Task goal:
The entries are to be output in full, word for word.

[Stored data entries]
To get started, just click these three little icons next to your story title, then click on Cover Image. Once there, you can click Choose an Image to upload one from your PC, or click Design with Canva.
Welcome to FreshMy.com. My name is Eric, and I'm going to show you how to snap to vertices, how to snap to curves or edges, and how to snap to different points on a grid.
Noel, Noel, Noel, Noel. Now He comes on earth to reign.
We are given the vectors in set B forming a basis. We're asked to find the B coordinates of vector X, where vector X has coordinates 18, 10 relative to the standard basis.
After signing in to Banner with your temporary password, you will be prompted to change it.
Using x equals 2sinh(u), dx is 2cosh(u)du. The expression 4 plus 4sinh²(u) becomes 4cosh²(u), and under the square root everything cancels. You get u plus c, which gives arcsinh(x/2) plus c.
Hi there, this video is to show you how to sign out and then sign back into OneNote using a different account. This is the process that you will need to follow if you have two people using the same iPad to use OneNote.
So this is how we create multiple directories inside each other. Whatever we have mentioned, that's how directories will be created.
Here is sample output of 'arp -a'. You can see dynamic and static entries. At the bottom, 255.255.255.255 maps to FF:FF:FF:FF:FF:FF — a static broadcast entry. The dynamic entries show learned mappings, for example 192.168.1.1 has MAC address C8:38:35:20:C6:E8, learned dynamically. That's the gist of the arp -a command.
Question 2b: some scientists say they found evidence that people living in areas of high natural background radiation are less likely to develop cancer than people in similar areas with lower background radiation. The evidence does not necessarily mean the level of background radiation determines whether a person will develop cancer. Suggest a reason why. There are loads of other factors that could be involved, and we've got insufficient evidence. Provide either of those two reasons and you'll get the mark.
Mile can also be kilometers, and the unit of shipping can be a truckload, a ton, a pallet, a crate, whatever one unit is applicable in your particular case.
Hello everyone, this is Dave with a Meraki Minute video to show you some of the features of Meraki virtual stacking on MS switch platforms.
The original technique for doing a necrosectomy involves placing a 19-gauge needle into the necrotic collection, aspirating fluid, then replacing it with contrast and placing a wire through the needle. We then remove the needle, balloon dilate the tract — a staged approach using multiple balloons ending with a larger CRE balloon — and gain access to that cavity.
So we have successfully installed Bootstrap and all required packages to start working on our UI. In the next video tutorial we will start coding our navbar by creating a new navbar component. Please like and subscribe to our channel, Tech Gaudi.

The completed task:
To get started, just click these three little icons next to your story title, then click on Cover Image. Once there, you can click Choose an Image to upload one from your PC, or click Design with Canva.
Welcome to FreshMy.com. My name is Eric, and I'm going to show you how to snap to vertices, how to snap to curves or edges, and how to snap to different points on a grid.
Noel, Noel, Noel, Noel. Now He comes on earth to reign.
We are given the vectors in set B forming a basis. We're asked to find the B coordinates of vector X, where vector X has coordinates 18, 10 relative to the standard basis.
After signing in to Banner with your temporary password, you will be prompted to change it.
Using x equals 2sinh(u), dx is 2cosh(u)du. The expression 4 plus 4sinh²(u) becomes 4cosh²(u), and under the square root everything cancels. You get u plus c, which gives arcsinh(x/2) plus c.
Hi there, this video is to show you how to sign out and then sign back into OneNote using a different account. This is the process that you will need to follow if you have two people using the same iPad to use OneNote.
So this is how we create multiple directories inside each other. Whatever we have mentioned, that's how directories will be created.
Here is sample output of 'arp -a'. You can see dynamic and static entries. At the bottom, 255.255.255.255 maps to FF:FF:FF:FF:FF:FF — a static broadcast entry. The dynamic entries show learned mappings, for example 192.168.1.1 has MAC address C8:38:35:20:C6:E8, learned dynamically. That's the gist of the arp -a command.
Question 2b: some scientists say they found evidence that people living in areas of high natural background radiation are less likely to develop cancer than people in similar areas with lower background radiation. The evidence does not necessarily mean the level of background radiation determines whether a person will develop cancer. Suggest a reason why. There are loads of other factors that could be involved, and we've got insufficient evidence. Provide either of those two reasons and you'll get the mark.
Mile can also be kilometers, and the unit of shipping can be a truckload, a ton, a pallet, a crate, whatever one unit is applicable in your particular case.
Hello everyone, this is Dave with a Meraki Minute video to show you some of the features of Meraki virtual stacking on MS switch platforms.
The original technique for doing a necrosectomy involves placing a 19-gauge needle into the necrotic collection, aspirating fluid, then replacing it with contrast and placing a wire through the needle. We then remove the needle, balloon dilate the tract — a staged approach using multiple balloons ending with a larger CRE balloon — and gain access to that cavity.
So we have successfully installed Bootstrap and all required packages to start working on our UI. In the next video tutorial we will start coding our navbar by creating a new navbar component. Please like and subscribe to our channel, Tech Gaudi.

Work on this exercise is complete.